ABSTRACT
This article proposes that psychic experiences of ‘dyslocation’, ‘dysembodiment’ and ‘psychic slippage’ can occur in relation to the object ‘on’ or ‘in’ the screen – ‘the screen object’ – in the context of working remotely using televideo technology with children in psychoanalytic psychotherapy. This is explored in the context of a child’s experience when treatment started in person and then changed to remote working. The loss of the therapeutic setting and frame in mid-treatment can constitute a rupture and a trauma, experienced at a primitive level as the loss of ‘bounded space’ and of psychic orientation to the object. This experience may evoke psychotic or borderline-type anxieties associated with disembodiment, depersonalisation, derealisation or annihilation. Concepts from Linguistics of deixis, endophora and exophora – concerning orientation in place, time and person relative to context – are applied to the situation of remote working with televideo technology, to highlight tensions in this setting in the way emotional meaning and understanding are derived from the surrounding context. The screen as part of the setting/frame gives rise to ‘slippages’ of various kinds. In order to explore the theme of ‘the screen object’, the author draws on experimental psychology research on infant responses to televideo technology; psychological or psychiatric theories of disembodiment; and psychoanalytic theory related to the ‘body ego’ and ‘skin-ego’, the psychoanalytic setting, and remote or virtual psychoanalysis.
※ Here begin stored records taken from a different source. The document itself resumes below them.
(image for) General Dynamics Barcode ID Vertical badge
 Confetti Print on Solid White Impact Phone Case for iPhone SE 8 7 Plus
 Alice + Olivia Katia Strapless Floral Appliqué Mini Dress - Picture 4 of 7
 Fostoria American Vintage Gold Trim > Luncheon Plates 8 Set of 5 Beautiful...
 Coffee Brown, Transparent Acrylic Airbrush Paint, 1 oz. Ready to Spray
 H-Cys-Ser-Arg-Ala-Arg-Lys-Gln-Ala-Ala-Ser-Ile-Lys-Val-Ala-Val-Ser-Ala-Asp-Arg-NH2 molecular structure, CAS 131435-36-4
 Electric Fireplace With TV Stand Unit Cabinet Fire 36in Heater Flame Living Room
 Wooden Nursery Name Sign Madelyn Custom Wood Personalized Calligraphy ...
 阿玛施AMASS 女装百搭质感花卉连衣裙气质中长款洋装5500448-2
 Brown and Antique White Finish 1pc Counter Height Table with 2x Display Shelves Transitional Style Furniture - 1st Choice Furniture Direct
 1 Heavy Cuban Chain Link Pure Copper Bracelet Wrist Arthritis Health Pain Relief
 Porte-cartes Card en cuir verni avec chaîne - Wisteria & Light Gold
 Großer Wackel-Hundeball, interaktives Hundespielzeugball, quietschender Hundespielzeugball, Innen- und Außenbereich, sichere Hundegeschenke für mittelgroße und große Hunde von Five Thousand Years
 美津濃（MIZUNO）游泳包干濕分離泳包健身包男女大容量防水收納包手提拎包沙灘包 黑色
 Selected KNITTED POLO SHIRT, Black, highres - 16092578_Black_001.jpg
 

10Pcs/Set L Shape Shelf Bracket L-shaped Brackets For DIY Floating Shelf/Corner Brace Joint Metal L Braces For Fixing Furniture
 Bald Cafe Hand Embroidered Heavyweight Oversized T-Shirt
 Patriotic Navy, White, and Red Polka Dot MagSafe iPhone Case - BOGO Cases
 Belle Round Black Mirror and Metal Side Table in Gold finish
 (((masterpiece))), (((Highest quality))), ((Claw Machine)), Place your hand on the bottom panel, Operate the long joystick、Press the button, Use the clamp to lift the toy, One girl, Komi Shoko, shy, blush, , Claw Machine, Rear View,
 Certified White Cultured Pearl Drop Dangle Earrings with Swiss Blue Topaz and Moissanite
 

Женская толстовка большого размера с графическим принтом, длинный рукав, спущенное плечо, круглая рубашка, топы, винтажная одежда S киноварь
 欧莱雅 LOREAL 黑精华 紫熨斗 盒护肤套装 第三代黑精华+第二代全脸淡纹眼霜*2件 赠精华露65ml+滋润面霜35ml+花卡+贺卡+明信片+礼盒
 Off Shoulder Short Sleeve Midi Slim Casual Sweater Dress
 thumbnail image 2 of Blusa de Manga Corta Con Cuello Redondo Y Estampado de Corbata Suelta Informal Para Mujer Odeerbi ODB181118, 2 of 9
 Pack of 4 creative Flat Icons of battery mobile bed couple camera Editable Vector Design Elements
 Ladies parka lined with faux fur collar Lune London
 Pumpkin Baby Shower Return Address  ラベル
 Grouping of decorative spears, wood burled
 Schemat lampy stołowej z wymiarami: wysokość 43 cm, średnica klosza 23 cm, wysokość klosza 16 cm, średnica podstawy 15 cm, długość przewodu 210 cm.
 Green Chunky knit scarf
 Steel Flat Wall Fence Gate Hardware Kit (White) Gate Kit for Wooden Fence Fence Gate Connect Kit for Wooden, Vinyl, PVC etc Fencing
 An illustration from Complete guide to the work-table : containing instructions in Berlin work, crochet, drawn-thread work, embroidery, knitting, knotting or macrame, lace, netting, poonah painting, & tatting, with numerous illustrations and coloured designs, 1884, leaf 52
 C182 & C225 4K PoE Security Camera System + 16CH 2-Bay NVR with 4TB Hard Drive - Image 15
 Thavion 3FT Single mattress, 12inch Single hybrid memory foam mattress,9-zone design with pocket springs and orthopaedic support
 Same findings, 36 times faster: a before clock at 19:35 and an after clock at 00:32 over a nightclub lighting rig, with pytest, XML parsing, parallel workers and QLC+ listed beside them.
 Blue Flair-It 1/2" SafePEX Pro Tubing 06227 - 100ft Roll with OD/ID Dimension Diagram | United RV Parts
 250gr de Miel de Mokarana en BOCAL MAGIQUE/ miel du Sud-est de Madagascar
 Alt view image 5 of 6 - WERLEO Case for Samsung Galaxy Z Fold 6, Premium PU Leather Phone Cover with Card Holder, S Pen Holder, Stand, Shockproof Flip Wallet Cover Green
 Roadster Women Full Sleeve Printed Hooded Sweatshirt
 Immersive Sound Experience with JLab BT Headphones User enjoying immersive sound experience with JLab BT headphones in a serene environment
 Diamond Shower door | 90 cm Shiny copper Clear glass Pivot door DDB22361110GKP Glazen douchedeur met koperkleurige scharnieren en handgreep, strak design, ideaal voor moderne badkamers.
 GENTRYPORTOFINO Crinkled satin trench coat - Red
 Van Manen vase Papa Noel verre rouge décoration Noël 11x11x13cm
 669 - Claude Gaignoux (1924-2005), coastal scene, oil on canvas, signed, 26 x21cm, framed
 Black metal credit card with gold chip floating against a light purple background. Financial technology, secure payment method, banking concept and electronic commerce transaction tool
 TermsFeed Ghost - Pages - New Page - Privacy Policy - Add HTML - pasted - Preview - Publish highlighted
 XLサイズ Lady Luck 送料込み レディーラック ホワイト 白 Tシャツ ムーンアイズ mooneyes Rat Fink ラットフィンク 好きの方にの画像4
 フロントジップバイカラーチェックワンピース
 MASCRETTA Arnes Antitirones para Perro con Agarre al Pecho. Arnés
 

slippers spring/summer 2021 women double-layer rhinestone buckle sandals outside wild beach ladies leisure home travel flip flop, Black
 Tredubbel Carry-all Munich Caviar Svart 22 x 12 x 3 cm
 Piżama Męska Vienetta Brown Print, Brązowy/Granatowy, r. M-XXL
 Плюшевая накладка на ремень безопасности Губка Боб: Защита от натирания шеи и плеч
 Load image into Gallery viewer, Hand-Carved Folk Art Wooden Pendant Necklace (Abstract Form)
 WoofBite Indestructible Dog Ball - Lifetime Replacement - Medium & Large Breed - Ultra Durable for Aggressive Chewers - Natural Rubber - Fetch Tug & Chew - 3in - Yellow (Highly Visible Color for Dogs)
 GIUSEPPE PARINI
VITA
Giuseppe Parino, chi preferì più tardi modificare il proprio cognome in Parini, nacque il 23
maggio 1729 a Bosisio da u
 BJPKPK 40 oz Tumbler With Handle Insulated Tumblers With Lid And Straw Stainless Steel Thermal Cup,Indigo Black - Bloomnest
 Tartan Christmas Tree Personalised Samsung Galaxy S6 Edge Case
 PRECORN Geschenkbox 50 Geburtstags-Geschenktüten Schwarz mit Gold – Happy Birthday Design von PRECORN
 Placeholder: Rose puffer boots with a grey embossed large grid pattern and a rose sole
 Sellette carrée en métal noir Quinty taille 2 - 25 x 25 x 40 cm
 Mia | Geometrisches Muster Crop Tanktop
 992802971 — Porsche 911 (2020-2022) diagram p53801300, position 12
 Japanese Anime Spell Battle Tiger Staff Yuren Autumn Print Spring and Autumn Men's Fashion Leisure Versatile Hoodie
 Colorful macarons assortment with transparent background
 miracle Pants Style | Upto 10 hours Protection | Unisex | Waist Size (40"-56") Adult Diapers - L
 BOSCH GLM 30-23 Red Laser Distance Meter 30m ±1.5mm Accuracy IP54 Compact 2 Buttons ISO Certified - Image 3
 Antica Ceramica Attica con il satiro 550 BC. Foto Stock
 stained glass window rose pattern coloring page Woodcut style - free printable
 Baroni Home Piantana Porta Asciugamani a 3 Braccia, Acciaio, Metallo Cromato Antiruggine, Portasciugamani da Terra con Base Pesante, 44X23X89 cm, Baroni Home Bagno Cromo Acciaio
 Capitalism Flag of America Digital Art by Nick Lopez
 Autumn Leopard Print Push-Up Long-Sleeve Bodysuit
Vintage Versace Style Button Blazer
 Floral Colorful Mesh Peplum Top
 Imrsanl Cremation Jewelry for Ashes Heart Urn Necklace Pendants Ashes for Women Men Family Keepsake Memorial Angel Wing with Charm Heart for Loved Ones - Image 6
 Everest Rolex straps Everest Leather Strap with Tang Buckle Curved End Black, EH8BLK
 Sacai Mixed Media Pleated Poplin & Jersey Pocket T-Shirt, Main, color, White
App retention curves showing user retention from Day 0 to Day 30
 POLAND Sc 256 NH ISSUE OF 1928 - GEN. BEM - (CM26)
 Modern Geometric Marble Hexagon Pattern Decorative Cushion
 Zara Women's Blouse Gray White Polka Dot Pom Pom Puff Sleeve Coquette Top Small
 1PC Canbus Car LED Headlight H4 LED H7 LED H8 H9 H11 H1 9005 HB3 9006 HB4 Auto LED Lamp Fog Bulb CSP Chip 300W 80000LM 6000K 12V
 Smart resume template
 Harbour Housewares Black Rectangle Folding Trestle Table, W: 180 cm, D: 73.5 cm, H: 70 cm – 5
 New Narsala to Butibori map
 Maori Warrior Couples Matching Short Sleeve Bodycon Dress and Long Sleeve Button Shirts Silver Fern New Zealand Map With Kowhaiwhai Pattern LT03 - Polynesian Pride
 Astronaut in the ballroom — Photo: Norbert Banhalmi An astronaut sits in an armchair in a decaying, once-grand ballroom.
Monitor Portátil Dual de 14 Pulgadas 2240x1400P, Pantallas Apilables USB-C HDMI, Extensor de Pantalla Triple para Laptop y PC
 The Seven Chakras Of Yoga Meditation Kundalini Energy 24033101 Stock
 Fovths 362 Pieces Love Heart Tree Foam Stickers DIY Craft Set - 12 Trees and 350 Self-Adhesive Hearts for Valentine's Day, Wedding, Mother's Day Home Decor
It is speculated that elements of the psychic experience of ‘the screen object’ are likely to be present to some degree in all remote working using video technology, whether in response to a traumatic disruption to treatment in person as discussed in this article, or whether remote treatment is the agreed treatment from the beginning.
Notes
1. Throughout this article, when I have used the prefix ‘dys’ deriving from the Greek, it is in order to indicate the meaning of ‘bad’, ‘difficult’, ‘abnormal’ or ‘impaired’, as opposed to ‘dis’ deriving from the Latin, which means ‘lack of’, ‘not’, ‘opposite’ or ‘away from’.
2. A phrase and motif from E.M. Forster’s (Citation1924) novel A Passage to India.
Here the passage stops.